When administering a capsule that is individually wrapped to a client, when should the wrapping be removed?
- A. When initially obtained from the medicine cart
- B. When placed in the medicine cup
- C. Prior to entering the client's room
- D. At bedside in the client's presence
Correct Answer: D
Rationale: Removing the wrapping at the bedside (D) ensures the client sees the medication, enhancing safety and trust.
A child was exposed to the hepatitis A virus, became ill, and made a full recovery 2 years ago. The child is now immune to the hepatitis A virus and will likely be protected for the rest of her life.
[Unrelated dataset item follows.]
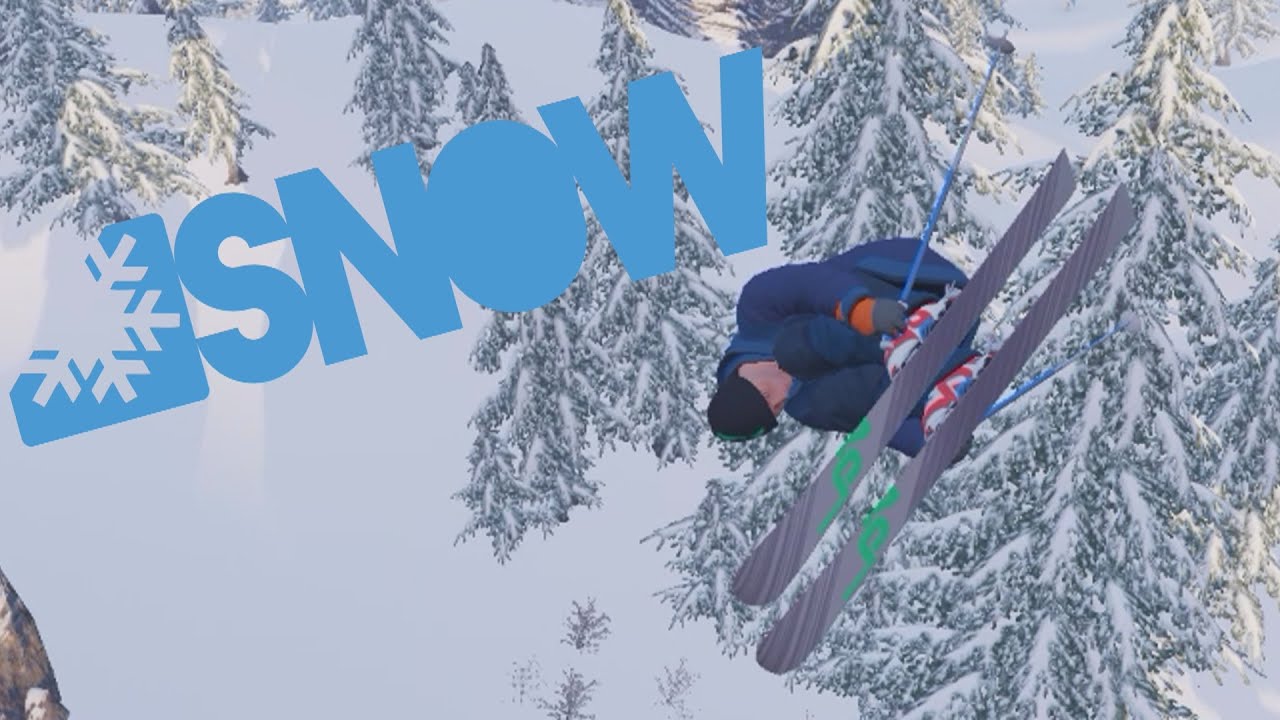 TRICKS AND CLIFFS | SNOW w/ EXTREAMEzZz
This type of immunity is referred to as
- A. active artificial immunity.
- B. naturally acquired active immunity.
- C. artificially acquired passive immunity.
- D. naturally acquired passive immunity.
Correct Answer: B
Rationale: Recovery from hepatitis A infection confers lifelong immunity via naturally acquired active immunity, as the body produces its own antibodies.
The charge nurse considers both patient-related and staff-related factors when making daily assignments. All of the following are patient-related factors EXCEPT
- A. mechanical ventilation use.
- B. complex medication regimen.
- C. isolation precaution requirements.
- D. nurse-to-client ratio.
Correct Answer: D
Rationale: Nurse-to-client ratio is a staff-related factor, affecting workload distribution. Ventilation, medications, and isolation are patient-specific needs.